Le courage catholique

S’Il est vrai que la situa­tion reli­gieuse poli­tique et mon­diale ne porte guère à l’optimisme, faut-​il pour autant déses­pé­rer ? Le pano­ra­ma que nous offre le monde est en effet bien attris­tant : ce qui reste de chré­tien­té dans la socié­té part en lam­beaux tan­dis que les médias se font quo­ti­dien­ne­ment l’écho de catas­trophes poli­tiques, sociales, morales ou natu­relles. La ten­ta­tion peut être alors grande de se lais­ser gagner par le décou­ra­ge­ment et de renon­cer à toute espé­rance. Une sorte de para­ly­sie peut alors s’installer chez cer­tains qui n’ont plus que l’Apocalypse comme livre de référence…

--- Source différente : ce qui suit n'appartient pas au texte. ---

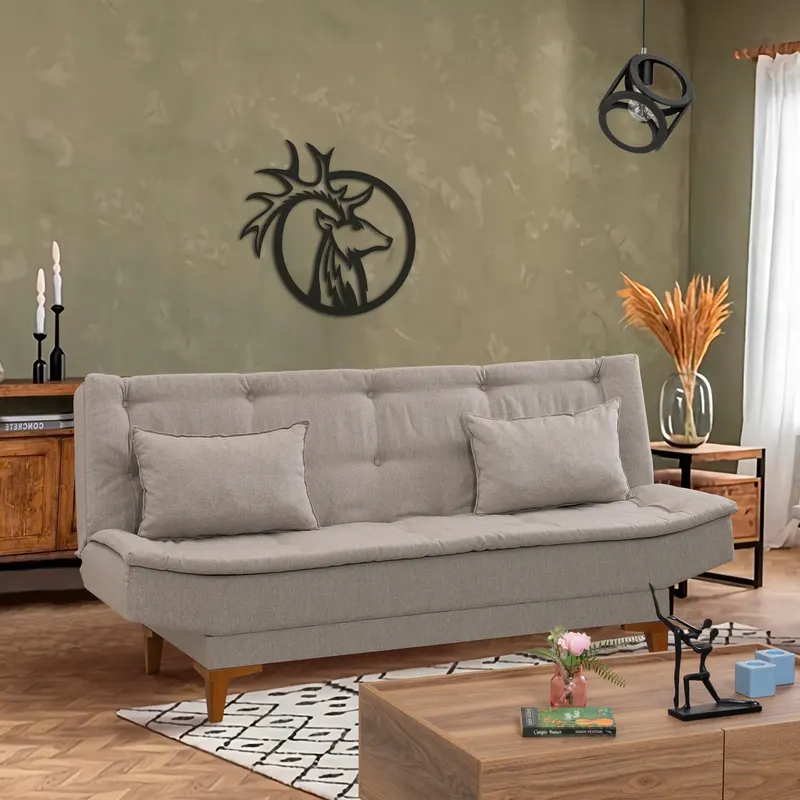 Canapea extensibilă Santo, 3 locuri, Diverse culori, 186x85x90 cm - Crem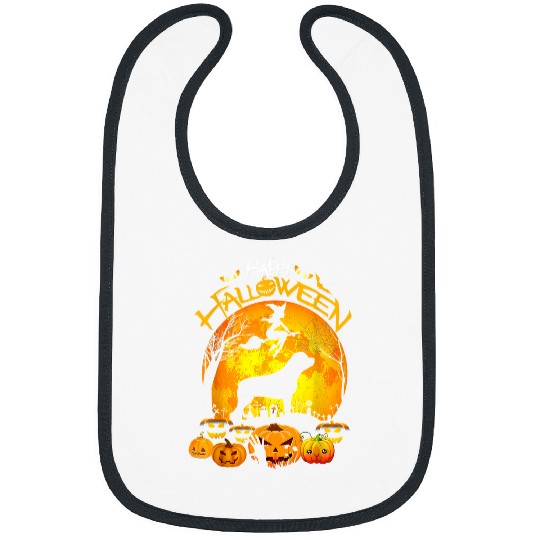Dog Rottweiler Pumpkin Happy Halloween For Dog Lover 155 Bibs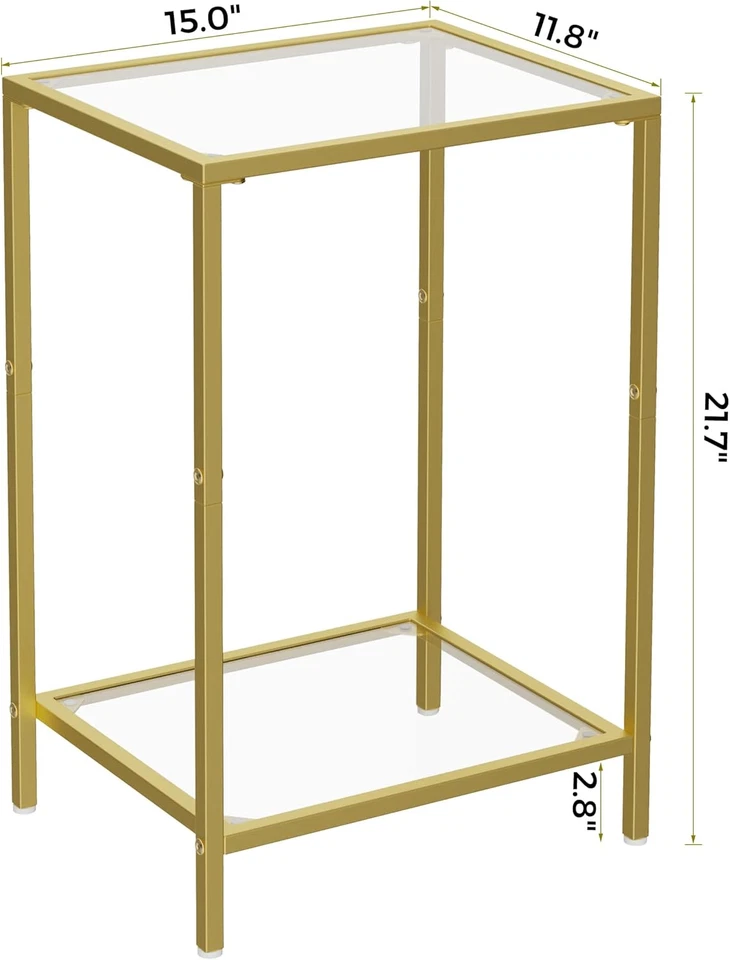 Side Tables Set of 2, End Tables with Tempered Glass, 2-Tier Nightstands with St - Image 3 of 4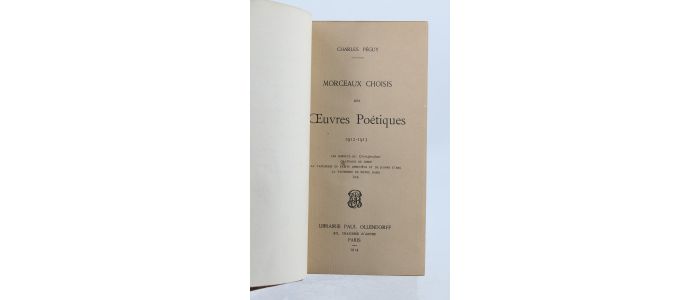 PEGUY : Morceaux choisis des Oeuvres poétiques - Prima edizione - Edition-Originale.com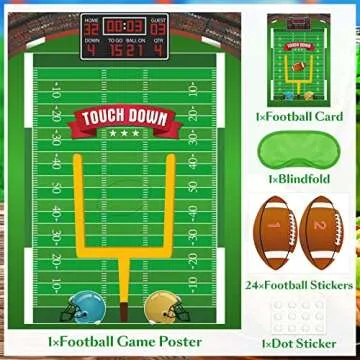 PLULON Football Game for Kids Pin The Football on The Goalpost Poster with Football Stickers Football Birthday Party Favors Home Wall Decorations for Kids Adults Family Birthday Party Supplies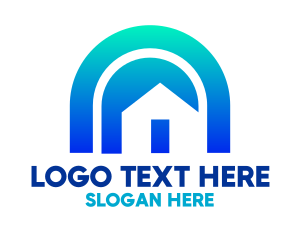 House - Blue Arch House logo design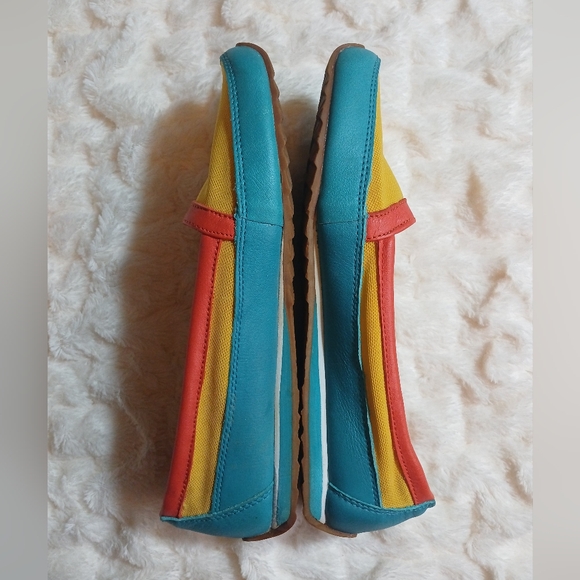 Cougar Shoes Extatic Leather Mesh Slip On Flat Yellow Orange Blue Size 9M - Picture 10 of 10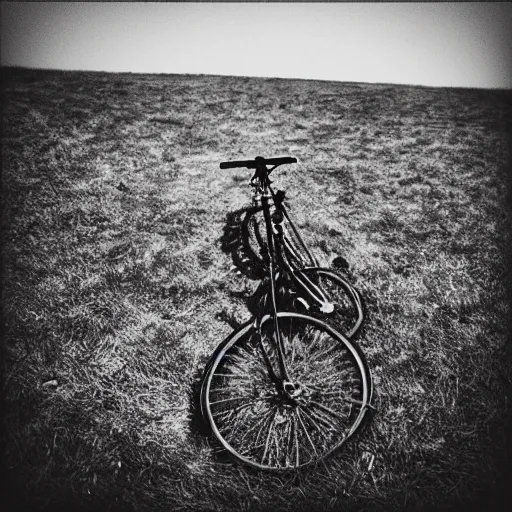 Prompt: Punctured bicycle on a hillside desolate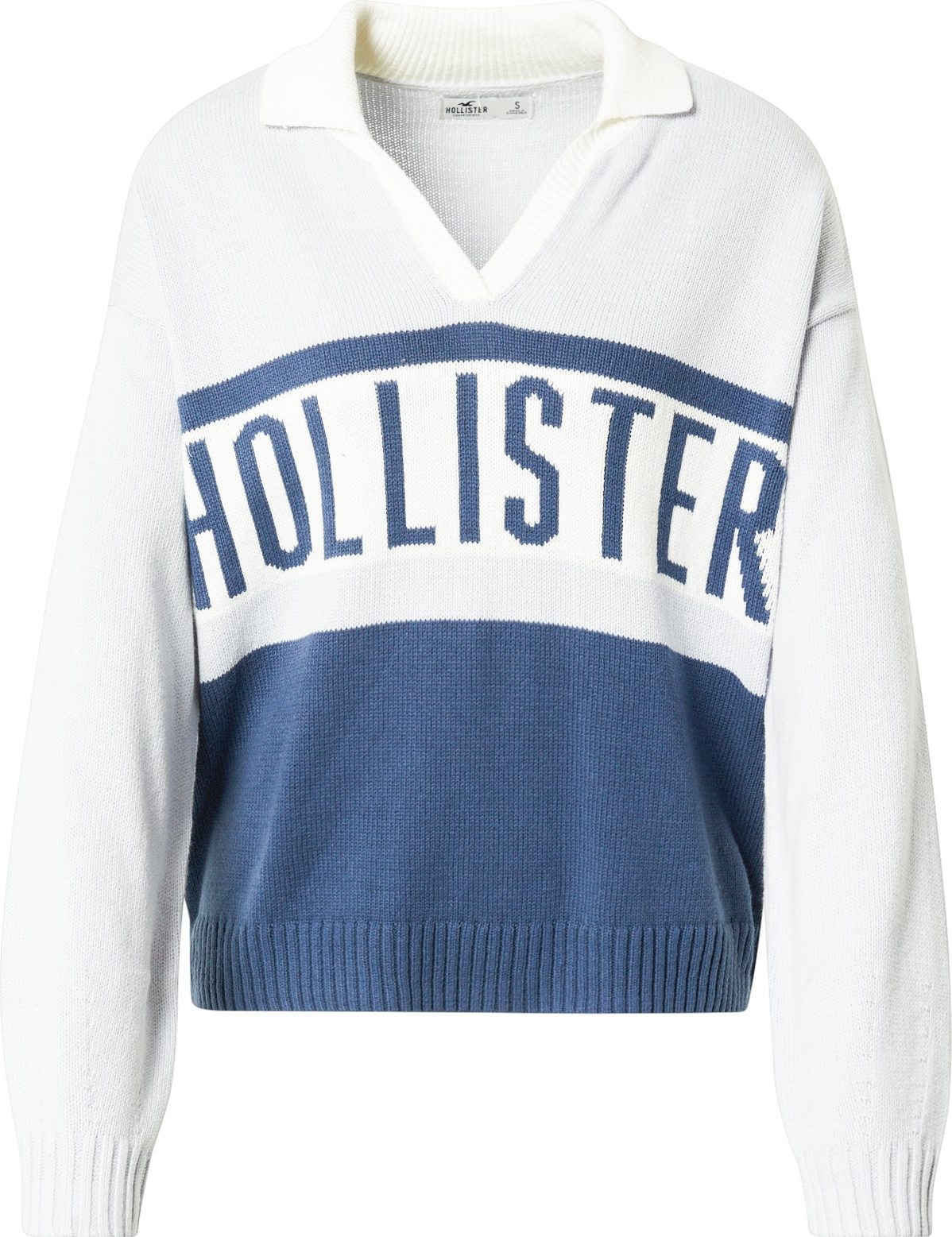 HOLLISTER Svetr 'APAC' námořnická modř / světlemodrá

La Sainte Ecriture nous montre en bien des endroits, que Dieu n’abandonne jamais les hommes à leur propre sort sur­tout lorsque ceux-​ci l’appellent à l’aide. Dieu le Père veut étendre le règne de son Fils dans le monde entier et sau­ver ain­si les hommes de bonne volon­té. Malgré tous les arti­fices qu’il pour­ra déployer le Prince de ce monde, Satan, sera vain­cu sans avoir pu entrai­ner dans sa chute l’Eglise qu’il veut détruire. Il le sait par­fai­te­ment et sa fureur n’en est que décu­plée. Car Dieu est Dieu ! Il reste le Maitre des évènements !

L’Ecriture Sainte nous en donne un bel exemple dans le pre­mier livre des Maccabées : Séron , géné­ral de l’armée de Syrie, vou­lait se cou­vrir de gloire en com­bat­tant Judas et ses hommes. Pour y par­ve­nir il ras­sem­bla une puis­sante armée consti­tuée d’impies en tout genre. A la vue d’un tel péril les dis­ciples de Judas prirent peur et le décou­ra­ge­ment s’empara d’eux. Alors Judas ten­ta de les récon­for­ter par ces mots : « Il arrive faci­le­ment qu’une mul­ti­tude tombe aux mains d’un petit nombre et il est indif­fé­rent au Ciel d’opérer le salut au moyen de beau­coup ou de peu d’hommes, car la vic­toire à la guerre ne tient pas à l’importance de la troupe : c’est du Ciel que vient la force ». [1] Ceci dit, confiant en Dieu, il fon­dit sur les armées syriennes et les écrasa !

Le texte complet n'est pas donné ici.